Provided records

====

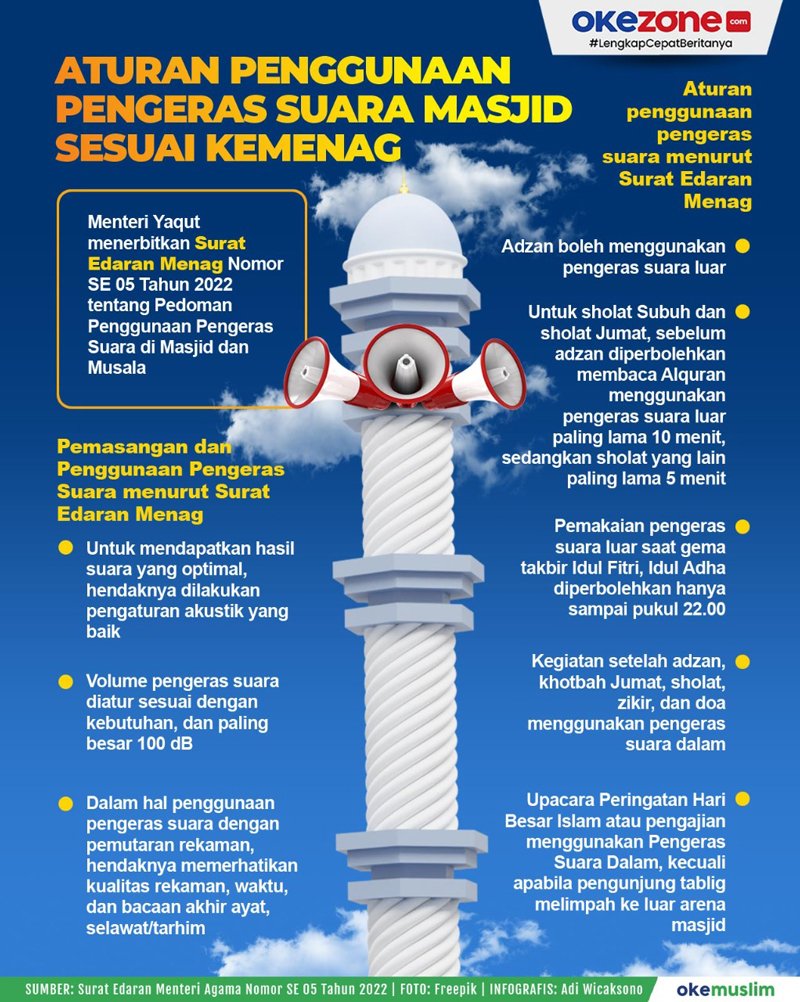 utarakota's tweet photo. @RadioElshinta aturan sih ada. cuma gimana ya. https://t.co/7SLH48FG7O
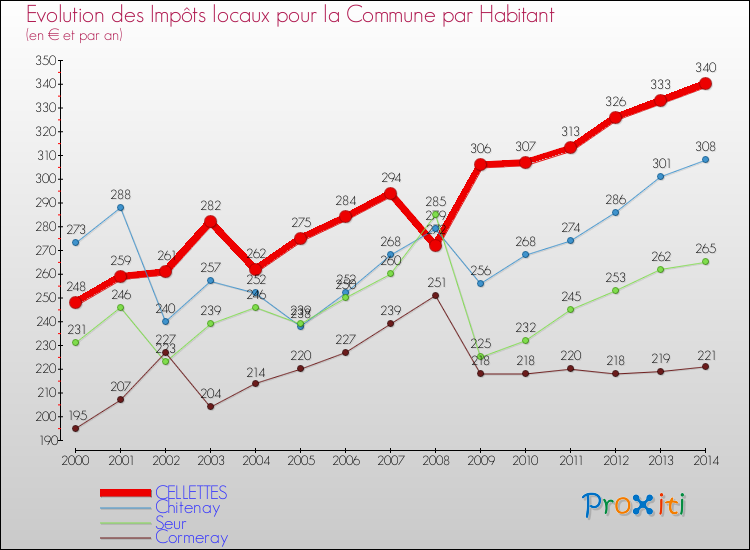 Evolution et montant des impôts locaux par Habitant pour CELLETTES et les communes proches de 2000 à 2014 Comparaison des impôts locaux par habitant pour CELLETTES et les communes voisines de 2000 à 2014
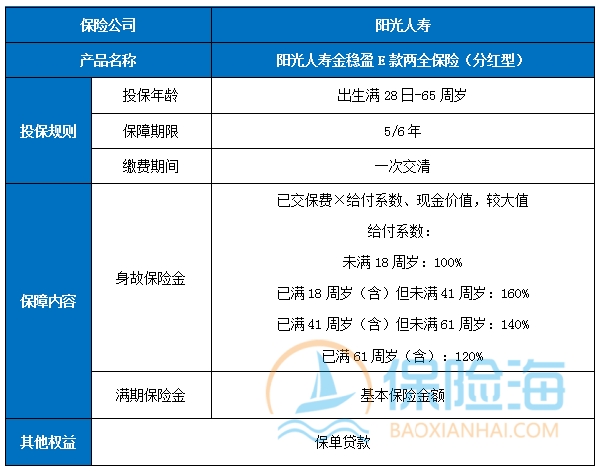 两全保险的优点?两全保险哪款比较好?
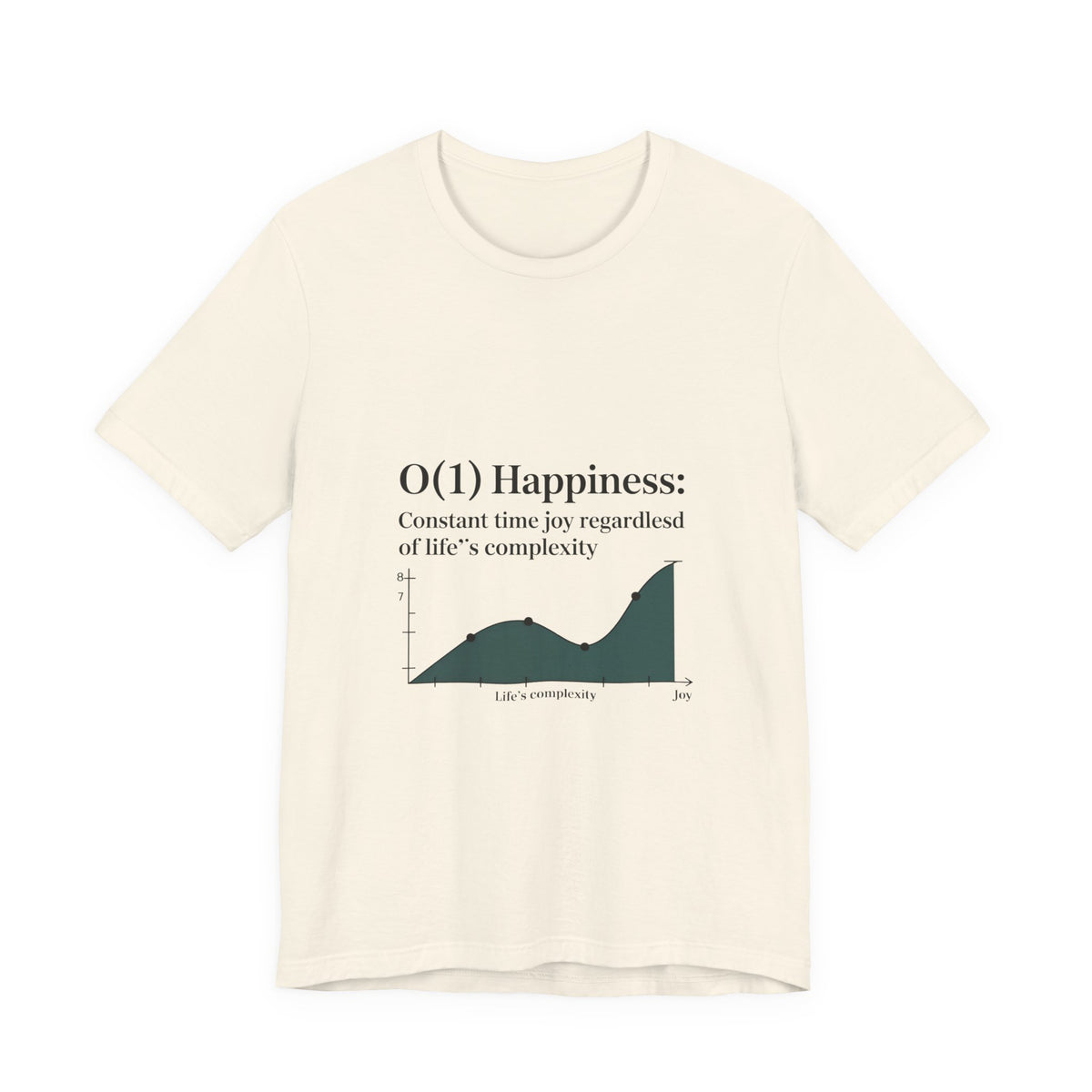O(1) Happiness T-Shirt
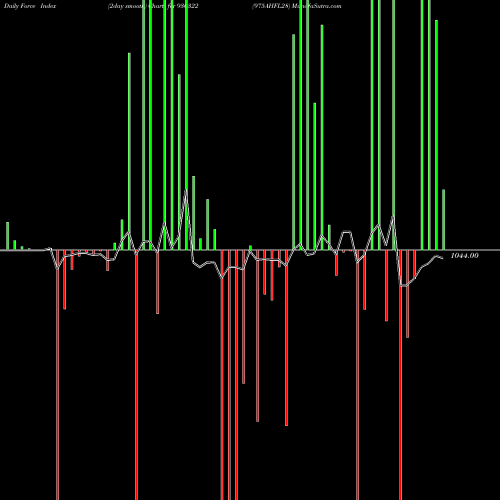 Force Index chart 975AHFL28 936322 share BSE Stock Exchange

====

Problem
Transcribe the records above exactly, without images.

Result for this task
 utarakota's tweet photo. @RadioElshinta aturan sih ada. cuma gimana ya. https://t.co/7SLH48FG7O
 Evolution et montant des impôts locaux par Habitant pour CELLETTES et les communes proches de 2000 à 2014 Comparaison des impôts locaux par habitant pour CELLETTES et les communes voisines de 2000 à 2014
 两全保险的优点?两全保险哪款比较好?
O(1) Happiness T-Shirt
 Force Index chart 975AHFL28 936322 share BSE Stock Exchange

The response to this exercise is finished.